I really dont agree with this assessment. I think getting the math right can lead to all kinds of problems. 4e monster HP, 1e and 2e saves (heck, 3e and 4e too), 3e opposed rolls, there were a lot of math issues where you kind of just looked the other way and accepted the badly constructed math and like you say it really does not take away that much. I beg to differ though in some areas, 4e monster HP, affected that game dramatically. It created the feel of that game.

I also think that the D&D feel is well established as far as race, class, implied setting, and tone. Those are the easy parts. If those are so important why did they ever move on from 0e? Math really does affect tone. Bells and whistles on character classes really do not. If all there time were spent on getting the math iron clad and then they tacked on what we already know and expect from a D&D game. I think the game would be in better shape right now.

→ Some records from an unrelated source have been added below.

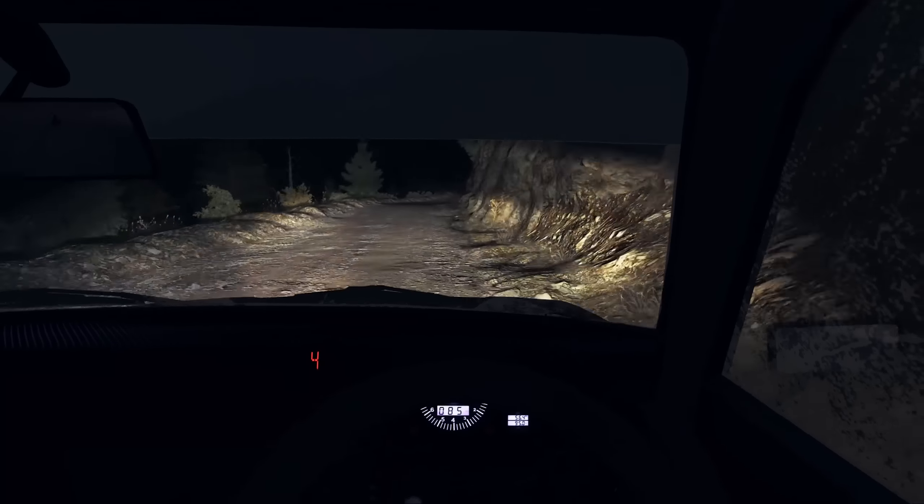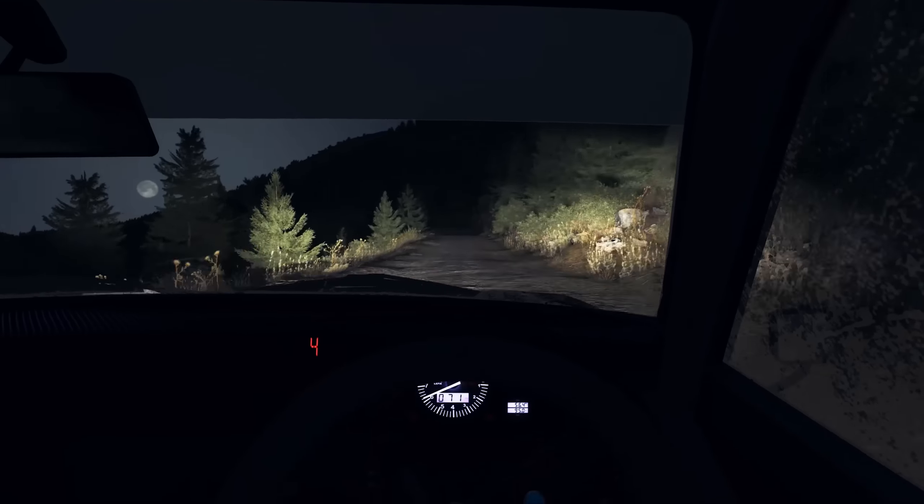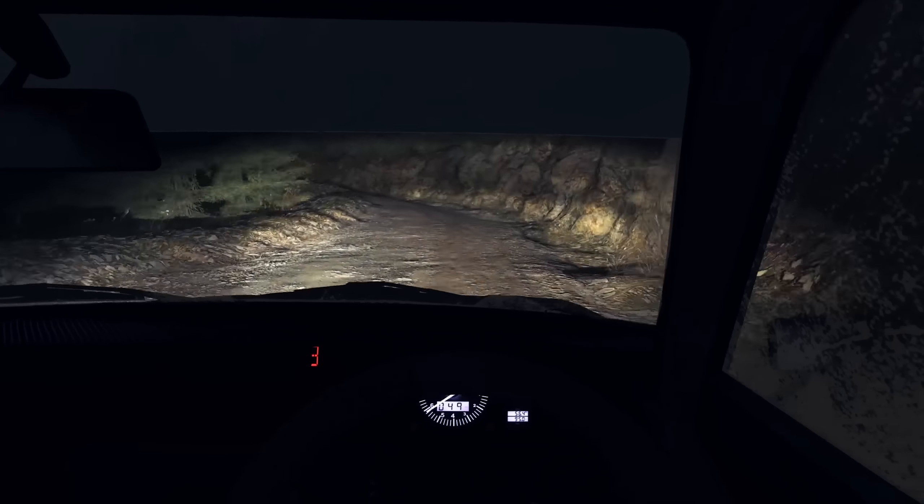Right 6 continues 80 and tightens 5. Left 5, bad camber. 80, crest jump maybe 120, good dip. Left 3 half long, don't cut, bad camber.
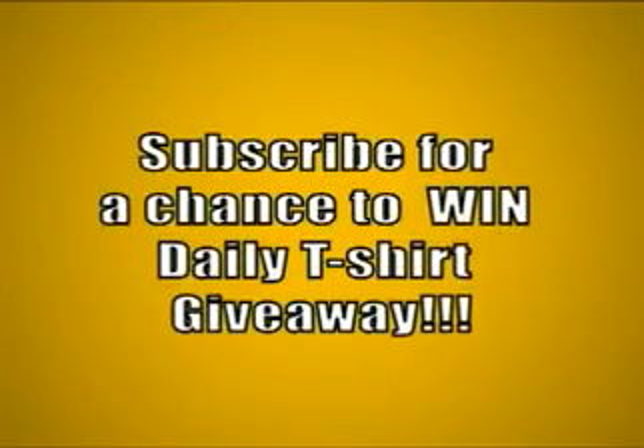All right, tune in tomorrow for some more fabulously interesting positions. Yeah, tune in!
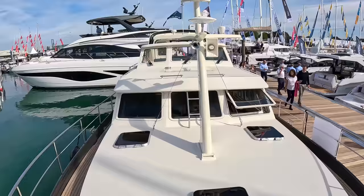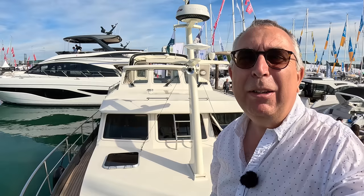So there we go. Massive thanks to Boat Shows for organising that tour — that's been absolutely brilliant. Let me know what you think of that one, especially that roof. And a huge thanks as ever to you guys for watching. We'll catch you on another one of these real soon. Take care, bye-bye.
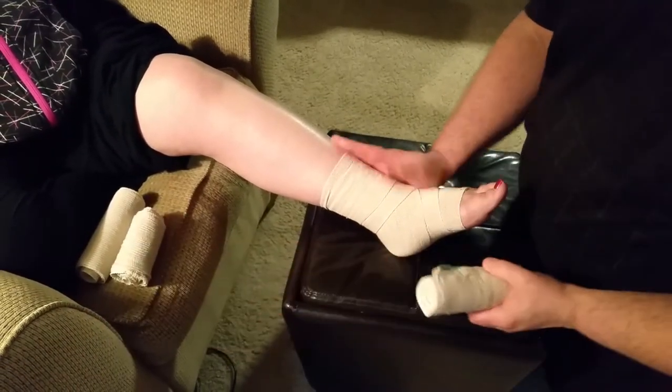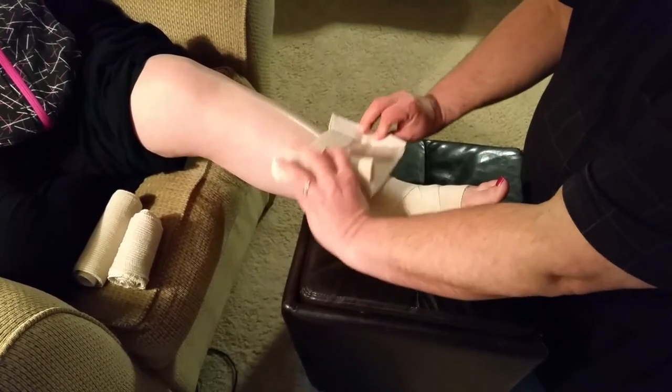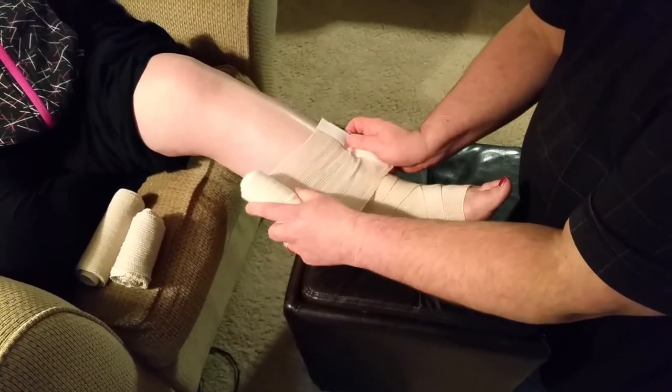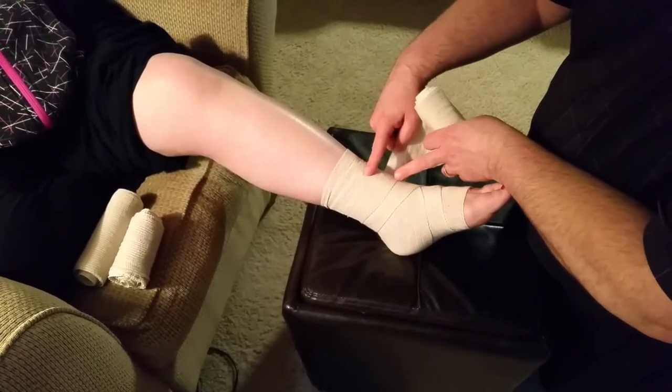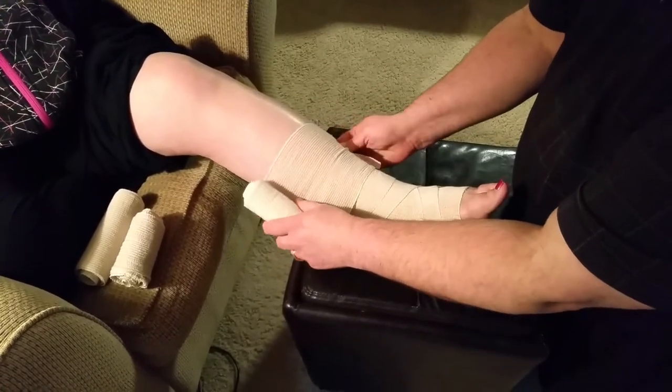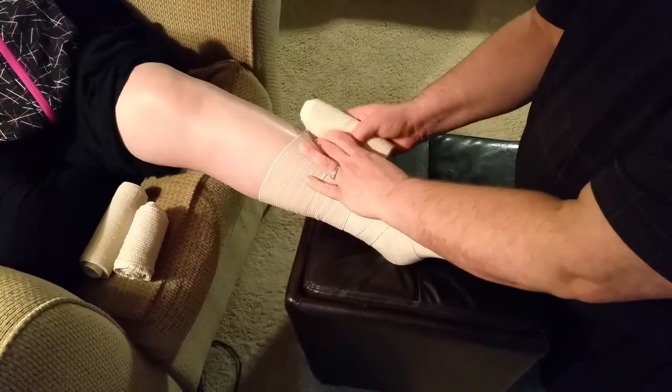Then using a larger wrap on the main part of the leg, come across again velcro side up. You hit at 50% overlap — so it's coming down 50% over that — then come around and seal.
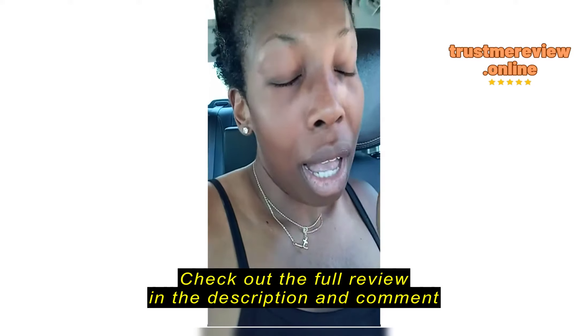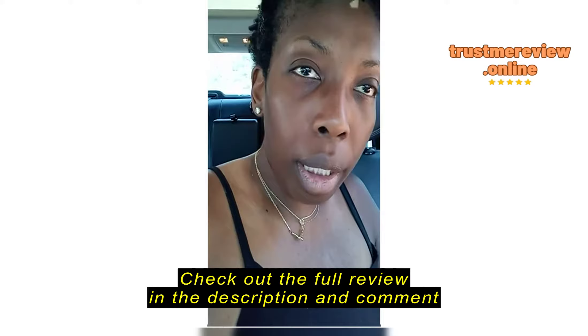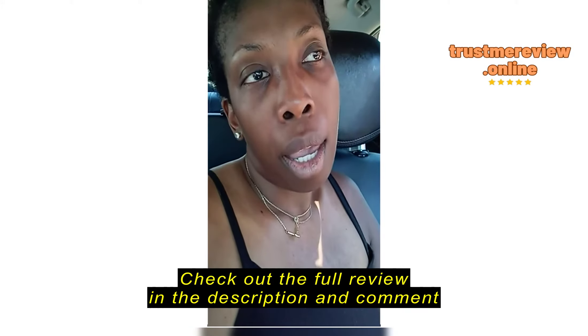Let's do a product review on this Greenworks lawnmower. Really neat, really neat. And I'll show you what I've done with it.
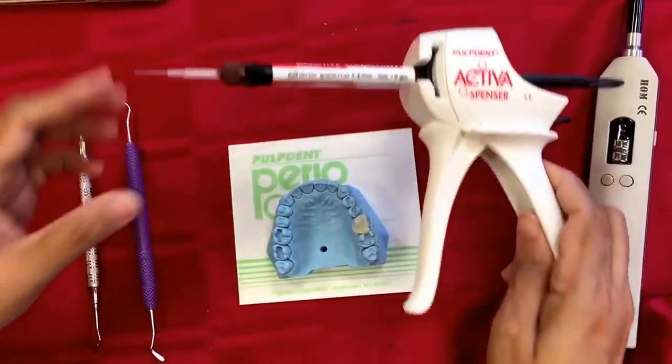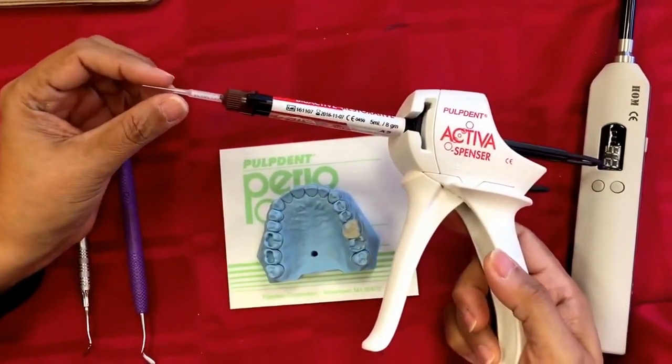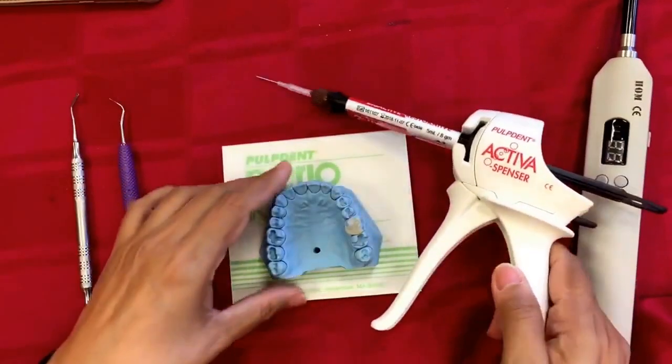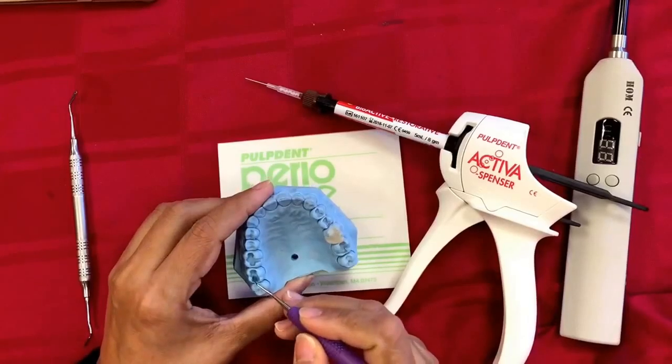Hi y'all, let me show you how easy it is to use the Activa bioactive restorative clinically — it takes less than six minutes. This is the tooth we are working on; the prep has been done with no sharp angles and lines anywhere.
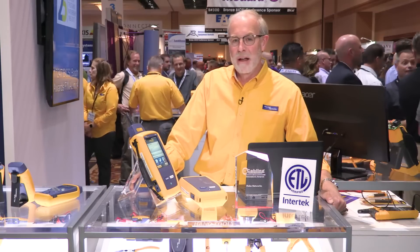Hi there, I'm Mark Mullins. I'm here at the fall 2017 Bixie Show in Las Vegas. I'm with Fluke Networks and we're here to show off one of our exciting new products.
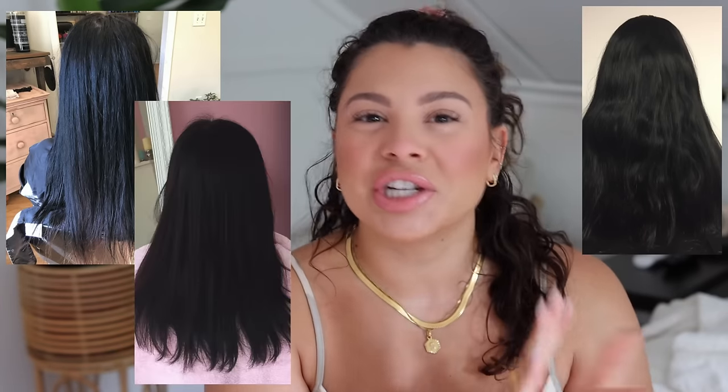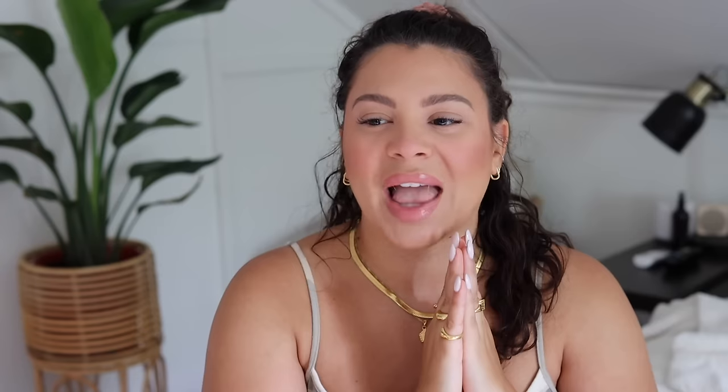I mean, you can just tell the difference. When I look at someone, I genuinely can tell from across the room if they have professional color or if it's box color, just because of the way it makes the hair look. It can start to look very dry and very opaque — there's just no dimension to it at all. It looks very harsh, very unnatural, and it really isn't the best.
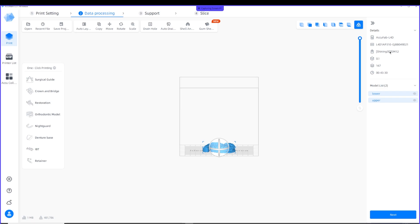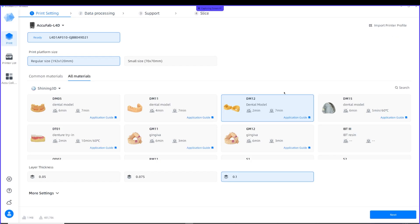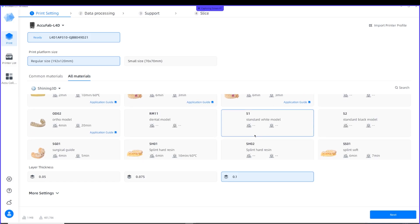Now, if you look in your details here, if this doesn't match the model resin you've actually chosen for your printer, then click back to Print Settings and choose the model resin you're using.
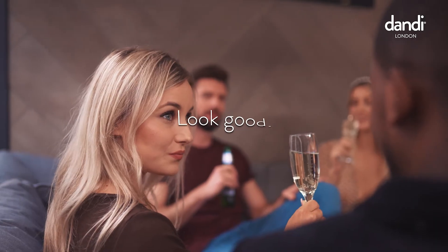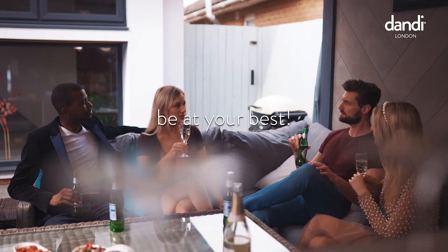Look good. Feel confident. Be at your best.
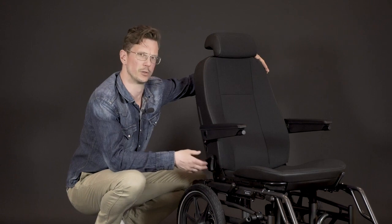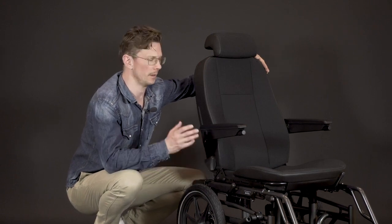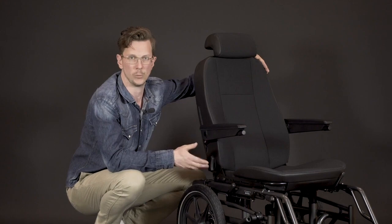By combining all these features with our seating accessories, the Koroni becomes a very comfortable car seat and wheelchair.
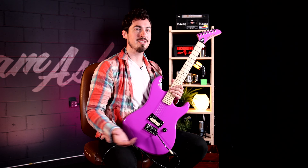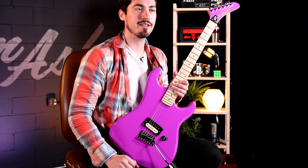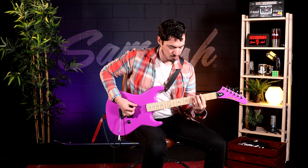With a single humbucker and one knob for volume, this guitar gets you to stop tweaking and start making music. To learn more about the Kramer Beretta Special, visit Sam Ash today.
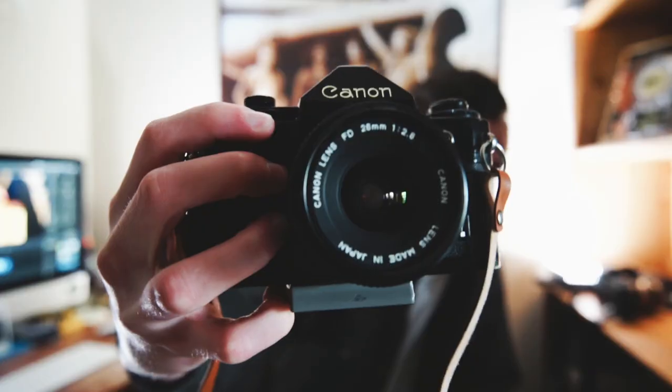Hey, what's going on guys, Eric here from Eric and Miles, and today I'm going to be reviewing a camera I picked up a couple months ago — the Canon A1.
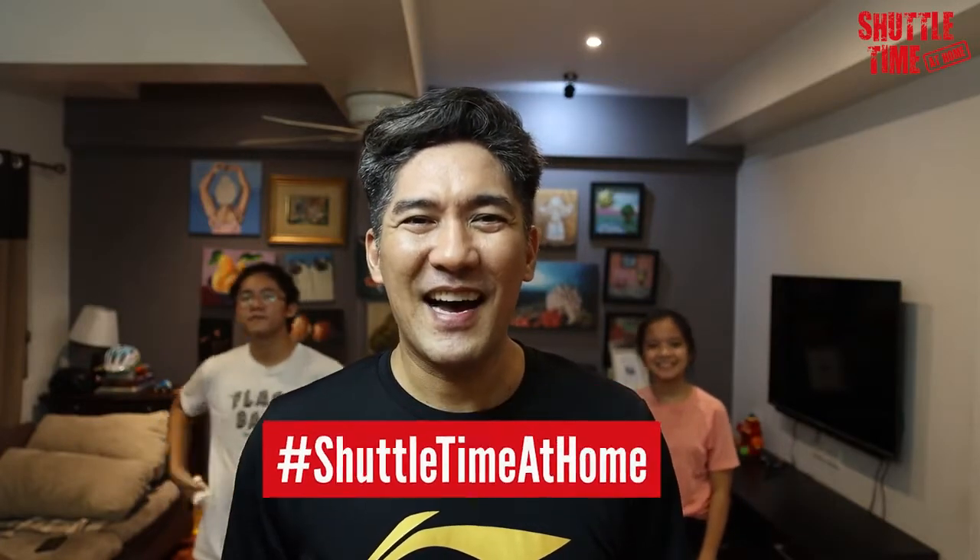Please try it at home and send us your videos with the hashtag Shuttle Time at Home. Bye! Bye!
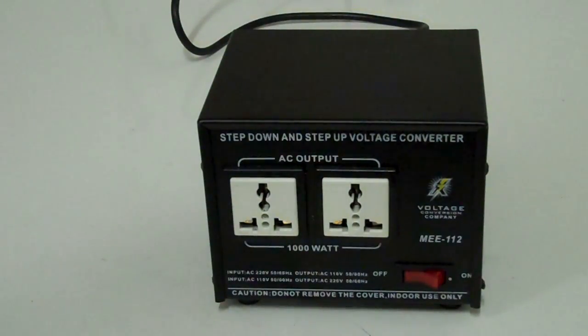Today I'm going to talk about this step-down and step-up voltage converter. This particular one is from a voltage conversion company and it's an MEE112, rated up to 1000 watts. A step-down voltage converter would be used somewhere like the UK to power something from a country with a lower voltage, like the US, Canada, Japan, or a lot of the Caribbean countries.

Let me also say there have also been some really dramatic and positive things done in the math area too. Rooting it back to the 6 abilities was well done and 6 saves, well done. Skills and tools are integral to a functioning game. Advantage/disadvantage is not consistently or done with well thought out application of it. What about damaging an object, oops didn't think that far, or at least about all the ramifications... Lots of work still needed.
 

Li Shenron

Legend
Here's one more idea on the subject.

ALL Tool proficiencies need to take their cue from Thieve's Tools. Thieve's Tools have the right idea in that they grant you an ability you otherwise aren't allowed to do in the game. You aren't allowed to pick locks or disarm traps unless you are proficient with Thieve's Tools and have a set of Thieve's Tools. So in this case, the bonus you are getting here is not the proficiency bonus to your check per se, it's getting to make the check in the first place.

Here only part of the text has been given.